The Forest Service proposes to harvest approximately 111,000 hundred cubic feet (equivalent to approximately 60 million board feet, MMBF) of timber through a variety of harvest methods on approximately 7,080 acres of forest land. Silviculture systems include approximately 1830 acres of salvage-modified clearcut, 1070 acres of salvage/sanitation harvest, 3,250 acres of selection harvest, 200 acres of shelterwood preparation harvest, and 730 acres of commercial thinning. Connected actions include: approximately 2120 acres of mechanical site preparation for natural and artificial regeneration, and supplemental planting on approximately 140 acres. An estimated 2.5 miles of new system road construction, 8.0 miles of system road reconstruction, and 4.0 miles of temporary road construction would be needed to access timber harvest areas. Temporary roads would be evaluated based on the proposed national transportation policy and would be either obliterated following completion of sale activities or added to the classified road system in the Maintenance Level 1 closed category. The proposal also includes an estimated 3.5 miles of system road decommissioning, permanent closure or obliteration of approximately 16 miles of unclassified roads currently closed, and permanent closure or obliteration of approximately 7.5 miles of unclassified roads currently open. Approximately 0.5 additional miles of Forest Road 1338, currently open, would be managed as closed to highway vehicles. A dispersed parking/camping area would be provided at this new road closure. Approximately 400 feet of new trail and a canoe access at Echo Lake would be constructed, about 100 feet of trail would be resurfaced at Penegor Lake, and improvements made to small parking areas at Penegor and Echo Lakes.

The proposal also includes maintaining approximately 110 acres of permanent openings for wildlife habitat and the classification of approximately 1660 acres of old growth.

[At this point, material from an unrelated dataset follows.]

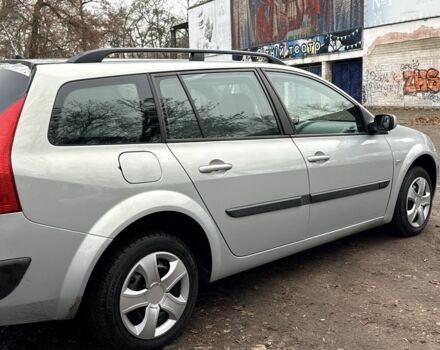 Сірий Рено Меган, об'ємом двигуна 1.6 л та пробігом 200 тис. км за 4300 $, фото 7 на Automoto.ua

The Ottawa Forest Plan provides guidance for management activities within the potentially affected area through its goals, objectives, standards and guidelines, and management area direction. The proposed projects include activities in management areas (MAs) 1.1,2.1,3.1, and 4.1. This proposal includes 11 openings greater than 40 acres (size range is approximately 50 to 480 acres), to treat high-risk stands of jack pine (Regional Forester approval for exceeding the forty acre regeneration and salvage/sanitation harvest would be required prior to signing the Record of Decision).

Range of Alternatives

The Forest Service will consider a range of alternatives. One of these will be the “no action” alternative in which none of the proposed activities will be implemented. Additional alternatives will examine varying levels and locations for the proposed activities to achieve the proposal's purposes, as well as to respond to the issues and other resource values.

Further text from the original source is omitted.